The project I worked on for the spring semester of my research with Cornell Data Science was a reimplementation of one of the famous results in reinforcement learning by a group at DeepMind (see paper). In the paper, the DeepMind group essentially trained a Deep Q-Network (DQN) to create successful policies for several Atari games with only image frames (256 x 256 RGB matrices of pixel values) as training inputs. This meant that the agent had no prior information about the dynamics of the game environment- no encoding of what a wall or a power-up was, for example. Furthermore, the DQN agents never tried to learn directly what these were; i.e. there was no convolutional network specifically to learn to find walls or power-ups. This type of RL-training is called “model-free” training because the policy it learns is independent of outside knowledge on the environment.

I chose Ms. Pac-Man because it one of the games not studied in the DeepMind paper. Ms. Pac-Man has added stochasticity as compared to (Mr.) Pac-Man because two of the ghosts, Blinky and Pinky, initiate each round with semi-random movement. For the purposes of this experiment, this is the most important difference. As a result of this stochasticity, a model-based agent that could find patterns in the ghosts’ movements in Pac-Man would fail to do so consistently in Ms. Pac-Man. The line of inquiry was therefore to see to what extent a DQN-based policy would learn to play this game, if at all, using the training methods of the DeepMind paper.

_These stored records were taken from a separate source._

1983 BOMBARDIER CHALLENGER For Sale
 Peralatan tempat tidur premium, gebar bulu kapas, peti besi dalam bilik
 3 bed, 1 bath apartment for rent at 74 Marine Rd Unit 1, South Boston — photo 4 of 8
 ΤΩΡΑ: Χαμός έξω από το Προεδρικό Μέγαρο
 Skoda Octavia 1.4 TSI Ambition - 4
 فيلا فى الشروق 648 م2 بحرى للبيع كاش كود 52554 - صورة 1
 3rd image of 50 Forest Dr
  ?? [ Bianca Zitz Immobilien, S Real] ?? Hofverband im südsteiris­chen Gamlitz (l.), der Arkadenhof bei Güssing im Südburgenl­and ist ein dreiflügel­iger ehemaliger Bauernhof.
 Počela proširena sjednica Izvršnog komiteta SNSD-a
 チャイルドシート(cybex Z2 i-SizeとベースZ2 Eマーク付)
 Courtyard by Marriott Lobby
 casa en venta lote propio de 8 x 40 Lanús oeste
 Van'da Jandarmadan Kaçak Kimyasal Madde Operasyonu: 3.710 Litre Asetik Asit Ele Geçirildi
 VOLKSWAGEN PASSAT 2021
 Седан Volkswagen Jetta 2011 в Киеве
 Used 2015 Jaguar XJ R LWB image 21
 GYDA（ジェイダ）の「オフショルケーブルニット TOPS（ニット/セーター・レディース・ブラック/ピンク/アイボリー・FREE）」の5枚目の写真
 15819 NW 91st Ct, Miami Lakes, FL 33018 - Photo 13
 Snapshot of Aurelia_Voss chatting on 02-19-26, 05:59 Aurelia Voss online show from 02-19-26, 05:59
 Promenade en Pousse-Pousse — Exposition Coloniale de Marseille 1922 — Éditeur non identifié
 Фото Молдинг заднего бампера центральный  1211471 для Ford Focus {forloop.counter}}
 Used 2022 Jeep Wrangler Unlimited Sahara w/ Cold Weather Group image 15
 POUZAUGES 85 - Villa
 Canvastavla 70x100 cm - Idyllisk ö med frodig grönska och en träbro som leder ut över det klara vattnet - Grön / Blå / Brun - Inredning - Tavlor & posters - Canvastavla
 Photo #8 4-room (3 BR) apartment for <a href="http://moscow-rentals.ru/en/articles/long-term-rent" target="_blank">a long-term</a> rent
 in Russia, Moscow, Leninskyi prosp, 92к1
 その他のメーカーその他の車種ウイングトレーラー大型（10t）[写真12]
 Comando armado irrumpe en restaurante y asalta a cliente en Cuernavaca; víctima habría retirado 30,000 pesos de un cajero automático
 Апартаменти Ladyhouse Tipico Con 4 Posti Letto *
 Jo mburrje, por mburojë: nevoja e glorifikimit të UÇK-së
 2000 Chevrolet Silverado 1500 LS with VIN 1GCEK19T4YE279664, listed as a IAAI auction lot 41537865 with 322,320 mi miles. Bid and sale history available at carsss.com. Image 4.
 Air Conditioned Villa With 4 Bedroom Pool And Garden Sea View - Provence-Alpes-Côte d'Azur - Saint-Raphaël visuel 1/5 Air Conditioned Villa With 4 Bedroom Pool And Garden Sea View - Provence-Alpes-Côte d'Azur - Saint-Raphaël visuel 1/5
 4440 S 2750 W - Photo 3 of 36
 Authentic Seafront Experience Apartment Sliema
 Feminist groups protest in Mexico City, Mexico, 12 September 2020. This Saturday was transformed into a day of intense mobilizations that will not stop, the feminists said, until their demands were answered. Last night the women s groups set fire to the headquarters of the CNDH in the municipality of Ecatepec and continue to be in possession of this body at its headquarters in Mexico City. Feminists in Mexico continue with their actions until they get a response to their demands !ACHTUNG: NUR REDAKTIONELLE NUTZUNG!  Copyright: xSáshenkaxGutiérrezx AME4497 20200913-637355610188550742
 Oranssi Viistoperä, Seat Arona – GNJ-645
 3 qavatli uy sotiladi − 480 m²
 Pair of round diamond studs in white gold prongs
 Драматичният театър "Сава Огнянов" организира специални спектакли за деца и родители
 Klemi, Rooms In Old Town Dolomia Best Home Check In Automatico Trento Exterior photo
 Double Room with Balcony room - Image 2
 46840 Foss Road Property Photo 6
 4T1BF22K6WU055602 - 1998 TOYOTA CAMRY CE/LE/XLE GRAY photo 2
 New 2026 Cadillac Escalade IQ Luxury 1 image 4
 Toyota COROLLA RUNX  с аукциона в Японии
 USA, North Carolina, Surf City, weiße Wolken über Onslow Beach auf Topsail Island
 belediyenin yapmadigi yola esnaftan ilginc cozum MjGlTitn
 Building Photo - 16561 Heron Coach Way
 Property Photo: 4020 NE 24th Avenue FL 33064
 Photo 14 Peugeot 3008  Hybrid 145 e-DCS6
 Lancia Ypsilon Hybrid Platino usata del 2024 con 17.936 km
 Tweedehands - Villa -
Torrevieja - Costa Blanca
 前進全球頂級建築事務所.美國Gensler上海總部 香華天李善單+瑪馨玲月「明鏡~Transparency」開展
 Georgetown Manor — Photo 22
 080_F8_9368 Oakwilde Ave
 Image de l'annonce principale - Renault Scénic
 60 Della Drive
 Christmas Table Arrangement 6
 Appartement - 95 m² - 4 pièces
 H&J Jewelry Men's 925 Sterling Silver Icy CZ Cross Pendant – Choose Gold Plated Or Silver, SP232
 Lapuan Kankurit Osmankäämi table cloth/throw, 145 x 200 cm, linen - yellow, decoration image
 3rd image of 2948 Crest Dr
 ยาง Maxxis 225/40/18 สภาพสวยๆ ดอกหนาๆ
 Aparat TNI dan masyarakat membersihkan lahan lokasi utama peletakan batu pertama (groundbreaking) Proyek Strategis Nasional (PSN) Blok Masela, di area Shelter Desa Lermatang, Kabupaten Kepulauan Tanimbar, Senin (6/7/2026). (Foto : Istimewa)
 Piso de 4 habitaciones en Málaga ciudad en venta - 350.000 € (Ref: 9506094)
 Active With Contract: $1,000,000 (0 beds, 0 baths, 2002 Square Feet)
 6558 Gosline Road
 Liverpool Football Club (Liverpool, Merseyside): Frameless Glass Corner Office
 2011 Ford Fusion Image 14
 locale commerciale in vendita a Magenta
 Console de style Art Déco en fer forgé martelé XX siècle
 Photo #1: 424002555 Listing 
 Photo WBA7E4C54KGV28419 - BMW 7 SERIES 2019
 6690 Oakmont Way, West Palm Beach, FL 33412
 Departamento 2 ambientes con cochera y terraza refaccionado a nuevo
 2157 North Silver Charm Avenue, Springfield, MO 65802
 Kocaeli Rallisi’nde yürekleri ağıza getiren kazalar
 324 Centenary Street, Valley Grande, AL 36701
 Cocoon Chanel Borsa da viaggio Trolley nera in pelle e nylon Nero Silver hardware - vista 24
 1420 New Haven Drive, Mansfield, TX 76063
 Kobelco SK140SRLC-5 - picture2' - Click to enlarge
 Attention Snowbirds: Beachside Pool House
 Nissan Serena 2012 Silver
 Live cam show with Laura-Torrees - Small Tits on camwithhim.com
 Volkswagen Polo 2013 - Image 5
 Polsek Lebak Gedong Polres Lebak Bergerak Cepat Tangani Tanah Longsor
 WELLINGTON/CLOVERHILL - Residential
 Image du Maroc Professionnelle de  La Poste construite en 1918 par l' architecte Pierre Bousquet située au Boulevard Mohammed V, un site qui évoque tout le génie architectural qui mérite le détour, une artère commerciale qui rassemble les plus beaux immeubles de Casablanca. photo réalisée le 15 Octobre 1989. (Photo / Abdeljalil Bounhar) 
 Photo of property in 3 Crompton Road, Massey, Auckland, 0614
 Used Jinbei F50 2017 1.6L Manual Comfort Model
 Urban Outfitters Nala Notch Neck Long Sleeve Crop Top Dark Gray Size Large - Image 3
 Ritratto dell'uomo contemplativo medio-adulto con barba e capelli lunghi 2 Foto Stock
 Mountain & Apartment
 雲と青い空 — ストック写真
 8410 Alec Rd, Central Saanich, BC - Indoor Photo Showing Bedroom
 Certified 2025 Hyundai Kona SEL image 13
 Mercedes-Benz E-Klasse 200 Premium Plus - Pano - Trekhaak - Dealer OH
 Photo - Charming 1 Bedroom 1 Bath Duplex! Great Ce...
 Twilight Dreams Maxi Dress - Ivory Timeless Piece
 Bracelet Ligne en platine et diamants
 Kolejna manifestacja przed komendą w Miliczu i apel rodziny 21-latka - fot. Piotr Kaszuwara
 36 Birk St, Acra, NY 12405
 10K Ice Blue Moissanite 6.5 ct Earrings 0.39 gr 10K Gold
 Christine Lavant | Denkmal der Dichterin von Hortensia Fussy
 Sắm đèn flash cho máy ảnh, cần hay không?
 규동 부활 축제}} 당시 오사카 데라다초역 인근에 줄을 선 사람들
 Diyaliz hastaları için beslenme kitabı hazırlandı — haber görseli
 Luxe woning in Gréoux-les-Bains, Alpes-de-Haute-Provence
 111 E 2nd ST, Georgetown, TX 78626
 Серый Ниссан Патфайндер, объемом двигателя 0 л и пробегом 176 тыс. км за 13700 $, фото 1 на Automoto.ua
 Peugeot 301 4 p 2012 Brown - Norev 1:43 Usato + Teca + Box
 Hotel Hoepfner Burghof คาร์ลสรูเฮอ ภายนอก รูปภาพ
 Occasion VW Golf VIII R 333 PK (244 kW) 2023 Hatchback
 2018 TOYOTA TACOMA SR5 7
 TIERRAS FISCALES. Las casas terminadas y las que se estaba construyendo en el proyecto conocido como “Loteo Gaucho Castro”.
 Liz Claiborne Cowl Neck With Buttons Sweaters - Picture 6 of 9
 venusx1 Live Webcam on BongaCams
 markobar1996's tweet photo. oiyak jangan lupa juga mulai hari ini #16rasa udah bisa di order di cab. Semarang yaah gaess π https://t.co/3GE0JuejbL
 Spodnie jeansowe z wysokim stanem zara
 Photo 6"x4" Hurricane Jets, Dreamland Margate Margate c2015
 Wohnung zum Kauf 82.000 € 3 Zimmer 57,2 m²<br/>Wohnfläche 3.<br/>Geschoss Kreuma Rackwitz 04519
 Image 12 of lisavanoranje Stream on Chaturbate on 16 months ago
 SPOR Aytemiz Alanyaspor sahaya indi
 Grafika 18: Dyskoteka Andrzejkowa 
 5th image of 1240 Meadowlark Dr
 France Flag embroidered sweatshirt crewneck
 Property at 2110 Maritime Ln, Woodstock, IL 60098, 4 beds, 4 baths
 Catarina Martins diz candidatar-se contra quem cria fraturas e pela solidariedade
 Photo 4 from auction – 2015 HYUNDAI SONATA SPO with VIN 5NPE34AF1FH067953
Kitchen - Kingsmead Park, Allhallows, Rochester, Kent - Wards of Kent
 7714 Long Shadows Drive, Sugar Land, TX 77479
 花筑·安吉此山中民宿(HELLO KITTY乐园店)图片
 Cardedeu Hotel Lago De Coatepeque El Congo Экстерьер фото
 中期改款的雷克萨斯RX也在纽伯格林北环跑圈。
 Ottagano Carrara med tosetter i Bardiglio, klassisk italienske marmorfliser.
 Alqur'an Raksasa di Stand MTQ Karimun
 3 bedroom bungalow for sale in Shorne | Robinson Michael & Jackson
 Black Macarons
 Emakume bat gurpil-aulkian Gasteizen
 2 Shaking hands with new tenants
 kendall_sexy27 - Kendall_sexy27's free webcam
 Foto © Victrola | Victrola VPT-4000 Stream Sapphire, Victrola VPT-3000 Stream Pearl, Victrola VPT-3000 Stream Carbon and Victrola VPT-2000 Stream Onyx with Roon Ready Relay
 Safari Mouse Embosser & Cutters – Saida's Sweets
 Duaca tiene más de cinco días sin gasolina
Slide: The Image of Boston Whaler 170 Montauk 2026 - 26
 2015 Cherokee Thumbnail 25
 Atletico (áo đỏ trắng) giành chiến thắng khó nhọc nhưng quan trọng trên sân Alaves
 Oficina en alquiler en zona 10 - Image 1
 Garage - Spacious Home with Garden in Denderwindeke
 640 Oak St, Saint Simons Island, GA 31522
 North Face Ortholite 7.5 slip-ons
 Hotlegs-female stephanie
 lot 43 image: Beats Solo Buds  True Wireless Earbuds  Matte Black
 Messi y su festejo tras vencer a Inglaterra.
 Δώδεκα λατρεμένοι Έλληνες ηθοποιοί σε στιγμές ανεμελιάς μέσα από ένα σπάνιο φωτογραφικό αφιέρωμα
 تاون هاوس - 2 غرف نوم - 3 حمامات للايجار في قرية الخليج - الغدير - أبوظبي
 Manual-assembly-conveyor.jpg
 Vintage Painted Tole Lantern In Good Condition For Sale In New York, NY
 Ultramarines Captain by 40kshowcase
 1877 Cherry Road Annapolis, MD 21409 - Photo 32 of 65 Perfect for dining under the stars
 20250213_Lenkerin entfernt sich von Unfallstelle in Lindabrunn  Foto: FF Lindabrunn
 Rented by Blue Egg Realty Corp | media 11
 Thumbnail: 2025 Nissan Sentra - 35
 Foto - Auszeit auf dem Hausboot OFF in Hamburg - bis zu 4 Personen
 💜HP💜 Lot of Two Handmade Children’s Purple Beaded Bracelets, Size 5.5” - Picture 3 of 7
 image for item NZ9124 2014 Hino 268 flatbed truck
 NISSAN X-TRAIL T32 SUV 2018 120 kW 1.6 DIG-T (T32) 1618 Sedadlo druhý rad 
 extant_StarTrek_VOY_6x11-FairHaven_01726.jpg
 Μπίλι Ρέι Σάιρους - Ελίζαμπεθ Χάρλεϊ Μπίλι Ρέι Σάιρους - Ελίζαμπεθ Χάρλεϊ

I won’t get into the details of the policy network architecture or image frame preprocessing, as those can be found in the paper linked previously. It suffices to say that the network architecture was not “fancy” (two convolutional layers followed by two fully-connected layers) and that the image frame preprocessing was similarly standard (grayscaling,resizing,cropping). Frames of images were stacked in the original paper because single frames often missed environment dynamics that were important- a single image frame does not show the ghosts’ movement or the player’s trajectory but several frames can capture these dynamics. The original paper also used frame-skipping for computational efficiency, meaning one frame of every two to four was used. These image stacks were then fed to the policy network, which was expected to output a probability score of choosing each action from all possible actions, so that “following the policy” would mean choosing the action with the highest score. In this case, the states were thus embedded as image frame stacks, the actions were the movement of the agent (up,down,right,left) and the rewards were the added game score through an episode, with a policy network whose task was to learn the best actions given state(s) based upon the rewards it achieved in previous episodes.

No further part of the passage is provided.